People really don't like to argue like that.
Dividing things into "mandatory" and "optional" for a release and promising to fix RC critical bugs in the mandatory category, but not in the optional category make sense, and is what happens today, it's just that the categories are not defined clearly, so people really don't have any idea where they stand.
I agree that the filing of a RC bug against a package should not cause it to be removed from testing.
But it should be enough so that if the bug is not addressed (either fixed or converted into some form of NOTABUG) within some time frame (I'm thinking 30 days or so) the package and anything that requires it should get publicly flagged as something that would be dropped from the release if a release were to happen at that point.

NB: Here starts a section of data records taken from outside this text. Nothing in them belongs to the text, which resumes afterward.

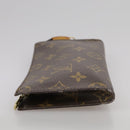 LOUIS VUITTON Monogram Bucket PM Accessory Pouch LV Auth 108707-3
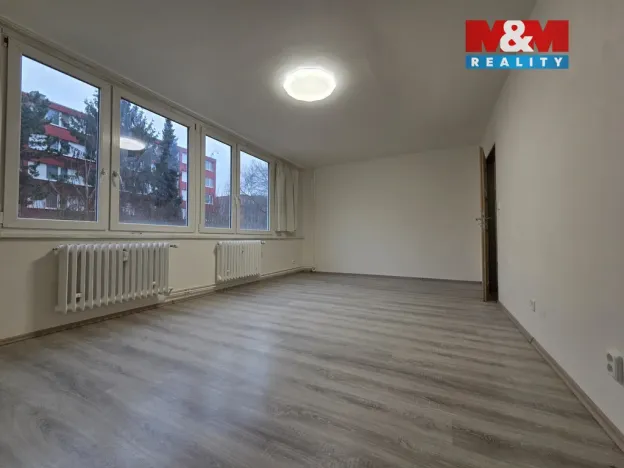 Pronájem bytu 3+kk, Praha - Karlín, Molákova, 56 m2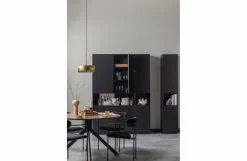 Woood Finca Opbergkast 40cm Zwart [fsc] New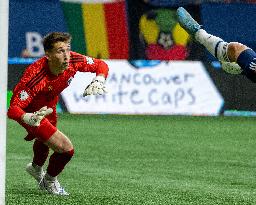 (SP)CANADA-VANCOUVER-SOCCER-MLS-VANCOUVER WHITECAPS-SEATTLE SOUNDERS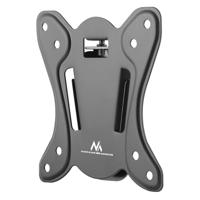 Maclean MC-715N TV muurbeugel OLED QLED LCD LED monitor plasma TV beugel 13" tot 27" VESA 75x75 100x100 belasting tot 25kg Extra slank ontwerp - thumbnail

If a package in the "mandatory" group does not address a bug in a reasonable timeframe (probably something like 90 days or so), then it should be moved from the "mandatory" group to the "optional" group, as long as there is some other plausible option available (you won't remove gcc, but you could remove MySQL and replace it with one of the other forks)
It really should not be that hard for a project to avoid triggering either of these rules. If the project has been in a prior release, avoid or fix regressions and you should not have a problem.
Making 'change the world' changes to large groups of packages is a problem, but such changes are a problem anyway and should be avoided (just like kernel development, try to do incremental changes, maintaining compatibility and get to your destination gradually, or at least with an easy fallback option)
There is a category of RC bugs that are an exception to the above, and those are the "political" bugs where the rules change, with all packages required to change to follow the new rules. I would say that the "mandatory" packages should be changed _before_ any such new rules go into effect, and the "optional" packages should be encouraged, but not required to follow such rules wherever possible.
Yes, rules like this could hurt "mytinyapp", but as the post says, a bug in bash really should delay a release, but a bug in Nethack should either be tolerated, or if it really is Release Critical, Nethack should be dropped from the repository until it gets fixed. If nobody cares enough to fix it for a long time, so be it.